» **What you have to do**: Produce as output only the lines below starting at the line with "Pilzeintopf mit Linsen" and continuing through the line with "Naklejka premium Basketball", each one exactly as written.

*** Dataset content Section Begins ***

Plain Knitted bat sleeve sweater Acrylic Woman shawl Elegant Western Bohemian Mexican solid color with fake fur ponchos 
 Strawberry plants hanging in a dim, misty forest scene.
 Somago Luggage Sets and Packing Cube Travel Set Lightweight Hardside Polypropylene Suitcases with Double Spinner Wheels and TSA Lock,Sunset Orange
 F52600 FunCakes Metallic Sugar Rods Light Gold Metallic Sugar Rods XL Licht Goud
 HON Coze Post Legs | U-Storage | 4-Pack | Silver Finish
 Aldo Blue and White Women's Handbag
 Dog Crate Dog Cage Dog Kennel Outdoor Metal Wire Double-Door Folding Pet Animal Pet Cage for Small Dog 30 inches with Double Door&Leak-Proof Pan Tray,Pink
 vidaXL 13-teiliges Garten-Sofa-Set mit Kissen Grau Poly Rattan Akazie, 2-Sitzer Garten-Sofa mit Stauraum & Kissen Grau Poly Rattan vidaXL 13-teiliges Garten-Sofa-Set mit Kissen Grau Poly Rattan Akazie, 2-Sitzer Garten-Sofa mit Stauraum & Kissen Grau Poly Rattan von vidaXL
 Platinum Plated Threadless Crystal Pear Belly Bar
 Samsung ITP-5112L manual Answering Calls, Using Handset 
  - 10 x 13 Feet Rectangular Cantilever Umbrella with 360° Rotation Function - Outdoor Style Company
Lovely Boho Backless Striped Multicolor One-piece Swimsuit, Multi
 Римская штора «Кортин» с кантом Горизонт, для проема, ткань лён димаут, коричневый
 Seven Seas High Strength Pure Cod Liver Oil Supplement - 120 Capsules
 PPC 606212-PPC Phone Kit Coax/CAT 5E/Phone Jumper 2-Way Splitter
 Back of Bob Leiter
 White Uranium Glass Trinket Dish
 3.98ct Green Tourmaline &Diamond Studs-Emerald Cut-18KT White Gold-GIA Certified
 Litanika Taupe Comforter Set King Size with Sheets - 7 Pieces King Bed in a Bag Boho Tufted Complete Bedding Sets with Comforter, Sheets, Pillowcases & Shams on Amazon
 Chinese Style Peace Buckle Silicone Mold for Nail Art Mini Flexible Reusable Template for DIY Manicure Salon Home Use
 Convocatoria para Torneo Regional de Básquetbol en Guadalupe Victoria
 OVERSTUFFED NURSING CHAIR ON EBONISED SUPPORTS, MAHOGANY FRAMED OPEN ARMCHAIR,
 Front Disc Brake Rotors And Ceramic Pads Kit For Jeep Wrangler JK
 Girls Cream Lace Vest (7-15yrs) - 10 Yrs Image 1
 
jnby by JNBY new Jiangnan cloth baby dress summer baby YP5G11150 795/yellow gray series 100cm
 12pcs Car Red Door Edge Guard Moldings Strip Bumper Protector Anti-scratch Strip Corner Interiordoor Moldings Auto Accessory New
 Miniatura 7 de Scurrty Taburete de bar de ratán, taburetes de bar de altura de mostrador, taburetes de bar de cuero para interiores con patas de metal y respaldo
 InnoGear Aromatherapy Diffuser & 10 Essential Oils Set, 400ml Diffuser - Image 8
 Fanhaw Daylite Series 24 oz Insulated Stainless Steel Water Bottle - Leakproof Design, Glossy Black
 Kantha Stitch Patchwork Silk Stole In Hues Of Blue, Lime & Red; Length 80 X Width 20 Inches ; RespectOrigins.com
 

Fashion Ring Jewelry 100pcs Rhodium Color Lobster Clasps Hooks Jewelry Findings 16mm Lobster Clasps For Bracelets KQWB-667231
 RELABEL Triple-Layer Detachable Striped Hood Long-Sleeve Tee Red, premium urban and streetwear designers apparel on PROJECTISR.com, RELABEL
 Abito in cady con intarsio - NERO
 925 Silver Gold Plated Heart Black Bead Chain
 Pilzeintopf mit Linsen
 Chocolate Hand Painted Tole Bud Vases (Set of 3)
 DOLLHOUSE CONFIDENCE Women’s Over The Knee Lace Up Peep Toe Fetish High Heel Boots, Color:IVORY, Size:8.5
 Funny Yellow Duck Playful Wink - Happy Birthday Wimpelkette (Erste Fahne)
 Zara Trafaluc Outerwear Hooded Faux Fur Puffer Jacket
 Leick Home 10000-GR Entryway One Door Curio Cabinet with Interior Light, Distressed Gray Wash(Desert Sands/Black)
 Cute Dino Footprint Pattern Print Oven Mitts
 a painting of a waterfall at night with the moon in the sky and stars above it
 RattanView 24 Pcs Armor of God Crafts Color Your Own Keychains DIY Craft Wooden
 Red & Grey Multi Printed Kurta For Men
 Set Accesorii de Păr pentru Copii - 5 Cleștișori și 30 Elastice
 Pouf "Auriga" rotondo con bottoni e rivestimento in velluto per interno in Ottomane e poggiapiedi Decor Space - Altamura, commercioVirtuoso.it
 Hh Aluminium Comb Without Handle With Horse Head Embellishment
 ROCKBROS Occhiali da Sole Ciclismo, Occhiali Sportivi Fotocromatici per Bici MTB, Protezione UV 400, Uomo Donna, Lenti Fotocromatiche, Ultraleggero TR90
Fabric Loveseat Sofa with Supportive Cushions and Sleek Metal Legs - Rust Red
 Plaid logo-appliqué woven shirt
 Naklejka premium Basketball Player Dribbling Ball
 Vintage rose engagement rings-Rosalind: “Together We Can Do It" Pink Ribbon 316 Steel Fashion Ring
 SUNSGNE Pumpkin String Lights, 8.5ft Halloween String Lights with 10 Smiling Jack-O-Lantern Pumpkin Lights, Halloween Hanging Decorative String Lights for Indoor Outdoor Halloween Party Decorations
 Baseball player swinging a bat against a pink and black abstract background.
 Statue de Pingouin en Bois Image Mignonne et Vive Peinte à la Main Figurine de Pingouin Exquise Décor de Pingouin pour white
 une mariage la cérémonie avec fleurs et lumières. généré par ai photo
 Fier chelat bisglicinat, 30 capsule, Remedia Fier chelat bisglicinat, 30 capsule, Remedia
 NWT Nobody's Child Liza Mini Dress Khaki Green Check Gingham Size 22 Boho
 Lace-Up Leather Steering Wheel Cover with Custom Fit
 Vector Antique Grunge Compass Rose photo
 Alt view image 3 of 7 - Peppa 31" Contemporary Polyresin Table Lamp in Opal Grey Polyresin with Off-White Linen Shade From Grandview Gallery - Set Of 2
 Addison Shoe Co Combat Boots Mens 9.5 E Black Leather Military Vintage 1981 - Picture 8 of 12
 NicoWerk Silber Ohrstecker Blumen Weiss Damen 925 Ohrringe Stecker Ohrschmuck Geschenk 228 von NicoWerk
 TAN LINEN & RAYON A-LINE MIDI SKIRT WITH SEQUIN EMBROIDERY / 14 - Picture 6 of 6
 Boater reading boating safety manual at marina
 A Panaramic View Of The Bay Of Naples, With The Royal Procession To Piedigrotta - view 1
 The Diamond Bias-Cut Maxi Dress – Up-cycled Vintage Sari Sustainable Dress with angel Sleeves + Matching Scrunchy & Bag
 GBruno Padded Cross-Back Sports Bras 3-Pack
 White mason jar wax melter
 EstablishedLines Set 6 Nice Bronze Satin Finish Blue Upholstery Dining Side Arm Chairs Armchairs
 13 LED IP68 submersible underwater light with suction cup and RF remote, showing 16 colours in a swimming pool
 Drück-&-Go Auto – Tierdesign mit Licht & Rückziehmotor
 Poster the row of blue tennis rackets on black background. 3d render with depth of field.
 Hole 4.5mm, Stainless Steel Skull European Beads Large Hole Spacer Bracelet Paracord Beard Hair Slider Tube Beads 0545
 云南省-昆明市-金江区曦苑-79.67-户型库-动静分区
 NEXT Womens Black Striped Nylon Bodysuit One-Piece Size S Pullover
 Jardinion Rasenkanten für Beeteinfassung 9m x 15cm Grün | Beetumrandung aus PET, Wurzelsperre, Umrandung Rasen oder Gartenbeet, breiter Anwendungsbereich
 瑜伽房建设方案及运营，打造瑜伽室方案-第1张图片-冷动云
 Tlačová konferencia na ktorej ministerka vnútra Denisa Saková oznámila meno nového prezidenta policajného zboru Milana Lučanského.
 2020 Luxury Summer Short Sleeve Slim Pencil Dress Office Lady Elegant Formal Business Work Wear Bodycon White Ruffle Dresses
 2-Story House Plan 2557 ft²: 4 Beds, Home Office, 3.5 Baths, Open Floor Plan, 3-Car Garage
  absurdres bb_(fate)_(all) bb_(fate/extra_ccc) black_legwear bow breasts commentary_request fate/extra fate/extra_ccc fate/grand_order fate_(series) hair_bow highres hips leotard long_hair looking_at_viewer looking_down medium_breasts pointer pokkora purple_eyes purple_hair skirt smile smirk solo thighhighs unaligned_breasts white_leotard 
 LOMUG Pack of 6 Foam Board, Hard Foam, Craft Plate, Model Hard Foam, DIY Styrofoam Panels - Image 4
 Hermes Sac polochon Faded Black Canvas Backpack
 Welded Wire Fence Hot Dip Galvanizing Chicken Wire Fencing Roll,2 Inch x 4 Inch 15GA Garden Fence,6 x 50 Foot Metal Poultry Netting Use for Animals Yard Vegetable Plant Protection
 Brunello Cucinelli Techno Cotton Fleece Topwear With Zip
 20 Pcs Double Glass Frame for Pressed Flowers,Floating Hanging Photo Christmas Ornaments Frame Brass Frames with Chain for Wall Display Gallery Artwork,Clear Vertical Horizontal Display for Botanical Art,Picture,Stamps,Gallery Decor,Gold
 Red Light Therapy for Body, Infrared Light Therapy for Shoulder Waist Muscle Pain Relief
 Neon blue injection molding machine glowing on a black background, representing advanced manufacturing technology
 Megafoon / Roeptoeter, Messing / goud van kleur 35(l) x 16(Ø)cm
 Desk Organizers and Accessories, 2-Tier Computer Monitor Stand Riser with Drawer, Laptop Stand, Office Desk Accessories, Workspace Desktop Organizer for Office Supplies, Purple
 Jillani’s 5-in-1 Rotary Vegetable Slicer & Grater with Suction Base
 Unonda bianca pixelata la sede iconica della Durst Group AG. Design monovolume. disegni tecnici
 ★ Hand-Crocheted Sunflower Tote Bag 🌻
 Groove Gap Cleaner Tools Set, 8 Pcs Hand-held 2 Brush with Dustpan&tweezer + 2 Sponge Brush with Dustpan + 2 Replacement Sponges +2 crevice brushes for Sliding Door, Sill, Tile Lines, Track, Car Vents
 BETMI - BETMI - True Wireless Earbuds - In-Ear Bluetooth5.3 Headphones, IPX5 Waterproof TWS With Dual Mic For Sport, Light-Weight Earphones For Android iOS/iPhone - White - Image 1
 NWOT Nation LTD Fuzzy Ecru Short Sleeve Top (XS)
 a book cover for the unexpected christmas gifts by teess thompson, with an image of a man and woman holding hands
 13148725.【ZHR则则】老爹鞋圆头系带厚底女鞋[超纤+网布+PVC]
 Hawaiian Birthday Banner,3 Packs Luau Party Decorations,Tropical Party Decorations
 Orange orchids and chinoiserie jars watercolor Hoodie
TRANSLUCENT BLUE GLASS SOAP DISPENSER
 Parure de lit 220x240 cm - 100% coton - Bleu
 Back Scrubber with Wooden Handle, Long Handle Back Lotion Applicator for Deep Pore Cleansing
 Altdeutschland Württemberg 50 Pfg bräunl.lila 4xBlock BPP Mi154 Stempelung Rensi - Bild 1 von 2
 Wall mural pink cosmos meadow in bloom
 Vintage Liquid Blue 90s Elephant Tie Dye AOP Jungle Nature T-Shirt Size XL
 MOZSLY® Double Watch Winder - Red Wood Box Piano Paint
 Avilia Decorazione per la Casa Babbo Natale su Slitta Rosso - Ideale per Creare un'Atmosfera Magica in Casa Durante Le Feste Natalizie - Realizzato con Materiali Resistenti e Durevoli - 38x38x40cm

*** Dataset content Section Ends ***

» **Solution to this exercise**:
 Pilzeintopf mit Linsen
 Chocolate Hand Painted Tole Bud Vases (Set of 3)
 DOLLHOUSE CONFIDENCE Women’s Over The Knee Lace Up Peep Toe Fetish High Heel Boots, Color:IVORY, Size:8.5
 Funny Yellow Duck Playful Wink - Happy Birthday Wimpelkette (Erste Fahne)
 Zara Trafaluc Outerwear Hooded Faux Fur Puffer Jacket
 Leick Home 10000-GR Entryway One Door Curio Cabinet with Interior Light, Distressed Gray Wash(Desert Sands/Black)
 Cute Dino Footprint Pattern Print Oven Mitts
 a painting of a waterfall at night with the moon in the sky and stars above it
 RattanView 24 Pcs Armor of God Crafts Color Your Own Keychains DIY Craft Wooden
 Red & Grey Multi Printed Kurta For Men
 Set Accesorii de Păr pentru Copii - 5 Cleștișori și 30 Elastice
 Pouf "Auriga" rotondo con bottoni e rivestimento in velluto per interno in Ottomane e poggiapiedi Decor Space - Altamura, commercioVirtuoso.it
 Hh Aluminium Comb Without Handle With Horse Head Embellishment
 ROCKBROS Occhiali da Sole Ciclismo, Occhiali Sportivi Fotocromatici per Bici MTB, Protezione UV 400, Uomo Donna, Lenti Fotocromatiche, Ultraleggero TR90
Fabric Loveseat Sofa with Supportive Cushions and Sleek Metal Legs - Rust Red
 Plaid logo-appliqué woven shirt
 Naklejka premium Basketball Player Dribbling Ball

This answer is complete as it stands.